Oregon health officials reported a 16% drop in newly identified coronavirus cases this week and an 9% drop in COVID-19 hospitalizations, pointing to an apparent lull before the highly transmissible XBB.1.5 subvariant spreads into Oregon.
Just under 240 hospital beds were occupied with people who had tested positive for the coronavirus Wednesday, down more than 100 beds since the most recent peak, in late December, and nearly four times less than the hospitalizations on this date last year. An anticipated bump in occupied beds driven by the XBB omicron subvariant could drive hospitalizations up to 367 occupied beds, state officials said last week, citing Oregon Health & Science University forecasts.
“While this variant does appear to be the most transmissible COVID-19 variants so far, at this time, there is no evidence that it is associated with more severe COVID-19 infection,” state epidemiologist Dr. Dean Sidelinger said at a monthly coronavirus briefing Jan. 12. “In general, we are not seeing a significant cause for concern about XBB.1.5 right now.”

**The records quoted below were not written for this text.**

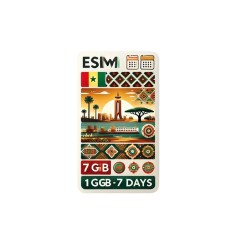 eSIM Senegal 1GB 7Days Economy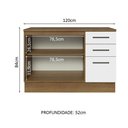 Ver imagem 3 de Balcão de Pia Cozinha 2 Portas e 3 Gavetas (com Tampo) Rustic/branco Agata Madesa Rustic/branco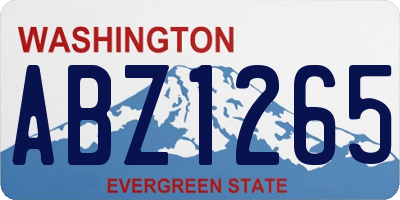 WA license plate ABZ1265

State sequencing data has not identified any XBB.1.5 infections since a handful were found in mid-December, though that data is delayed several weeks and, as of the most recent batch, included only nine samples. But federal modeling indicates the subvariant accounted for only about 8% of all cases across Oregon, Washington and Idaho during the week ending Jan. 14, compared to more than 80% in parts of the East Coast.
While reported case counts could be unreliable indicators because they don’t capture at-home tests, other Oregon Health Authority data point to an easing of the pressure from the current surge. Test positivity among known cases is averaging below 10%, and the percentage of emergency room visits for COVID-like symptoms has fallen from about 5% a month ago to 1.8% Tuesday.
While several wastewater testing sites in Oregon point to a “sustained increase” of the virus in their communities, those data are in all cases at least two weeks old. Once touted as a potential early warning system that can serve as a more reliable measure of the pandemic than reported case counts, wastewater monitoring data takes so long to process that it can be weeks before it is available to the public, Sidelinger said.
“There’s not that data that we sit on and wait to post,” he said, explaining why data on OHA’s wastewater monitoring dashboard is weeks old. “It is quite a lengthy process, and some sites can be more delayed than others.”
Since it began: Oregon has reported 946,727 confirmed or presumed infections and 9,141 deaths.
Hospitalizations: 239 people with confirmed coronavirus infections are hospitalized, down 22 since Jan. 11. That includes 33 people in intensive care, down three since Jan. 11.
New deaths: Since Jan. 11, the Oregon Health Authority has reported 63 additional deaths connected to COVID-19.